Bereits 1693 waren zehn jüdische Familien unter dem Schutz der Ritter von Wolfskeel ansässig. Drei der Familien bewohnten eigene Häuser; sieben lebten zur Miete. Bis 1740 verdoppelte sich die Zahl der jüdischen Haushalte. Sieben von ihnen verfügten über eigenen Hausbesitz. Anstatt der seinerzeit üblichen Abgaben von vier bis sechs Gulden, hatten die Juden in Reichenberg zehn Gulden Schutzgeld zu bezahlen. Bis 1772 stieg die jüdische Bevölkerung auf 28 Familien an. 1772 werden erstmals ein Schulmeister und ein Bote der Landjudenschaft erwähnt. Ihren Lebensunterhalt verdienten sich die Hausväter unter anderem als Kleinhändler, Krämer, Goldsticker und Metzger. Die Toten der Gemeinde wurden auf dem jüdischen Bezirksfriedhof in Allersheim bestattet.

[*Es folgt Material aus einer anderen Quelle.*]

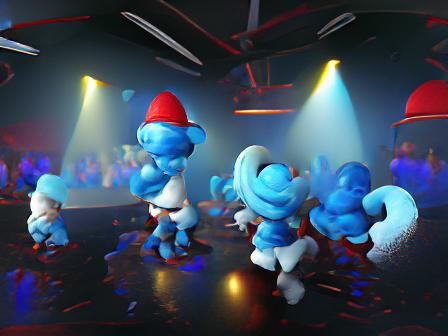 Neon Smurfs Dance in Nightclub, Volumetric Lighting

1808/10 hatte die jüdische Gemeinde Reichenberg mit 31 Familien und knapp 150 Personen den höchsten Mitgliederstand ihrer Geschichte. 1814 kam der Ort an das Königreich Bayern, erhielt 1817/18 im Rahmen des geltenden bayerischen Judenedikts 26 Matrikelstellen und wurde dem Distriktsrabbinat Würzburg zugeteilt. Bis 1835 vergrößerte sich die Zahl wieder auf 29 Familien und rund 125 Personen. Neben dem Kleinhandel waren Juden im Viehhandel, der Landwirtschaft, als Seifensieder und Metzger (5 Betriebe um 1850!) tätig. Daneben schien Reichenberg Anfang des 19. Jh. ein Zentrum der Goldstickerei gewesen zu sein, denn drei Betriebe arbeiteten in diesem Erwerbszweig, der v.a. der Herstellung von jüdischen Ritualien, wie z.B. Toramänteln oder -vorhängen diente. Der Großteil der jüdischen Bevölkerung wohnte in der Nähe der Synagoge am Schindersberg. Das Ritualbad (Haus Nr. 55 a, heute: Schindersberg 1) lag im Hinterhof der Metzgerei von Pfeiffer Krebs unterhalb der Synagoge. 1829 empfahl der Landgerichtsarzt allerdings den Frauen, künftig lieber die Bäder der Nachbargemeinden zu nutzen, da er die Reichenberger Mikwe als unhygienisch einstufte. Im jüdischen Gemeindehaus (Plan Nr. 62 a/b, Haus Nr. 8, heute: Steige 3) befanden sich die Lehrerwohnung und ab 1847 die Religionsschule. Auch ein "Würzgarten" (Kräutergarten) gehörte zu dem Anwesen. Die jüdischen Kinder besuchten den Elementarunterricht in der christlichen Schule im Dorf. Dafür mussten die Eltern Schulgeld bezahlen. Den Religionsunterricht erhielten sie von einem Privatlehrer, den die jüdische Gemeinde entlohnte. Er übernahm auch oft die Pflichten des Vorsängers. Der 1847 tätige Religionslehrer Abraham Stolzinger erhielt ein jährliches Gehalt von 40 Gulden. Da er auch als Schochet arbeitete, bekam er zusätzlich von den Metzgern 50 Gulden.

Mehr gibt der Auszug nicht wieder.